Autre accusation dans cette suite de griefs s’enchainant dans un ordre logique, l’Europe ne se préoccupe pas de ses citoyens. Après tout, le chômage est élevé et la baisse des prix du rail pourtant promise maintes fois par l’ouverture de la concurrence se fait attendre. Mais les Européens tirent-ils tout l’avantage qu’ils pourraient de l’Europe ? Par exemple, seulement 3% des citoyens européens travaillent dans un pays différent du leur alors que la libre circulation des biens et des personnes est un principe cardinal de l’Union. Lorsque l’on sait que cette faible mobilité des travailleurs est source de chômage, ce chiffre est éloquent. Similairement, les Européens continuent de faire leur shopping de biens électro ménagers dans leur pays d’origine, quand on connait les écarts de prix d’un Etat membre à un autre. Et on s’étonne que la convergence des prix promise n’ait pas lieu ? Encore faut-il que les consommateurs jouent le jeu ! De manière similaire, c’est aux entreprises locales de s’ouvrir au marché européen : les retombées en termes de business ne peuvent être que positives.
Europe prisonnière de lobbies, victime de la mondialisation, à la construction bâclée et dirigée par des incompétents, la liste des griefs est encore longue.

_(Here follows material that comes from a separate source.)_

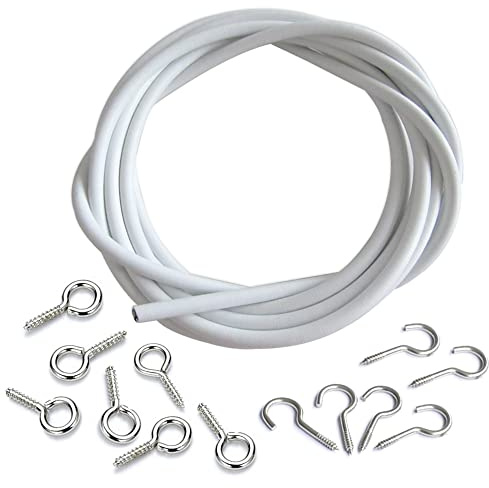 Dtoterul 5M Vorhangdraht Weiß Gardinendraht Curtain Wire Cord Gardinenschnur Kunststoffbeschichteter Gardinendraht mit 6 Stück Schraubenösen und 6 Stück Haken für Gardinenstangen Duschvorhänge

Le lecteur curieux de connaitre l’épilogue du procès trouvera son bonheur dans l’Europe au banc des accusés. L’ouvrage n’est pas un plaidoyer aveuglement pro-européen. Il s’agit avant tout de rétablir des vérités, de ne pas cautionner les accusations trop rapides mais d’en reconnaitre les fondements avant de démontrer que les coupables ne sont souvent pas ceux auxquels nous pensons en premier (euro, technocrates, Commission etc.). Au lendemain d’élections européennes, marquées par l’abstention et la progression des partis populistes, L’Europe au banc des accusés permet de mieux cerner les nombreux enjeux aux nous serons confrontés, avec un zest d’humour et de métaphores potaches… mais aussi avec une bonne dose d’honnêteté.